The effect of Bacon's advice in the Ulster arrangements is distinctly marked. To it seems to be due one of the existing orders of English nobility. Bacon deemed it so important "to allure by all means fit Undertakers" that in the memorial of 1606 he suggested that grants of knighthood, "with some new difference and precedence," might "work with many" in drawing them to the support of the cause. Action taken by the King early in 1611 accords with Bacon's advice. The order of baronets, officially described as "a new dignitie between Barons and Knights," was instituted, to consist of gentlemen who should bind themselves to pay a sum sufficient to maintain thirty foot-soldiers in Ireland for three years, the money thus obtained to be kept as a special fund so that it might be "wholly converted to that use for which it was given and intended." The first of these baronets was Bacon's own half-brother, and it appears that Bacon advised the King on points raised touching the dignity and precedence of the new order of nobility. There have been many flings at James I. in this matter of the institution of the order of baronet—it seems to have a special attraction for the sarcasm of writers of popular history—but the record shows that it was inspired by Bacon and was performed by the King as a utilitarian transaction quite in the modern spirit. A similar creation of baronets was planned by King James in 1624 in aid of the colonization of Nova Scotia, the fundamental condition being that each baronet of this class should maintain six colonists for two years. The two classes are still distinguished in their heraldry, all baronets having the right to bear the Red Hand of Ulster on their coat of arms, except those of the Nova Scotian creation who display the arms of Scotland. The order of baronet, although ranking below other orders of nobility in dignity and precedence, may justly claim to possess a distinctly imperial character.

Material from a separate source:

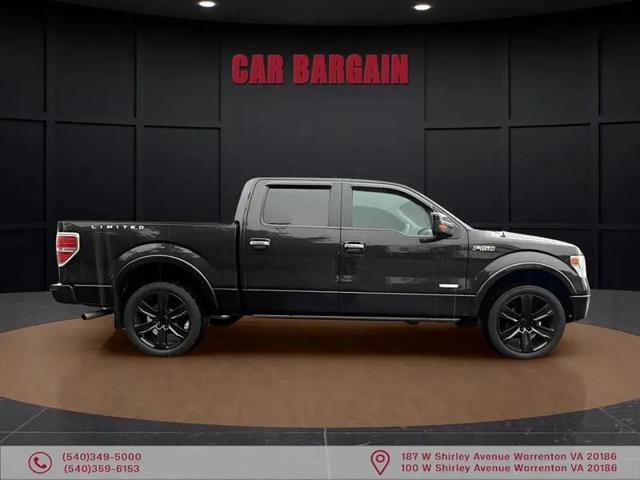 2013 Ford F-150 Limited for sale in Warrenton, VA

Not long after Bacon's memorial to the King the possibilities in Ulster were enlarged by a series of events which at the same time emphasized the need of vigorous measures. These events serve also to illustrate the clash of cultures that was the underlying cause of Irish anarchy. The accession of James took place just as an uprising aided by Spanish troops had been subdued after more than four years of hard fighting. The submission of the Earl of Tyrone, the chief native magnate of Ulster, whose surrender ended resistance in that province, took place only a few days before James set out from Edinburgh to take possession of the throne of England to which he had just been called. The Irish situation presented an urgent problem to James and his counsellors. That problem, in addition to its chronic perplexities arising from internal conditions, was complicated by foreign influences. The Counter-Reformation was prosecuted with great vigor and success by Jesuit missionaries in Ireland and their plans of making the country an independent kingdom gained the sympathy of Pope Gregory XIII., who accepted the Crown of Ireland in behalf of a nephew. The movement acquired serious importance when Philip II. of Spain gave support to it. He was not inclined at first to have anything to do with the Irish as he was embittered by the way in which crews of wrecked galleons of the Armada had been robbed and murdered on the western coast of Ireland. But English attacks on the coasts of Spain and Portugal, and the support which Elizabeth extended to the provinces of the Netherlands in revolt against his rule, reconciled him to alliances with Irish insurgents, and twice during Elizabeth's reign Spanish forces were landed in Ireland. Hugh O'Neill, the Earl of Tyrone, took a leading part in the dealings with Spain, and he received from the Pope a crown of peacock's feathers. In making his submission he had stipulated for the retention of his Earldom, with its territorial jurisdiction in Ulster, although renouncing his Celtic chiefry. This was done before he had heard of Elizabeth's death, and on hearing the news he is said to have cried with vexation at not having held out for better terms. With such an attitude on his part there was an instability in the Ulster situation, soon to be displayed.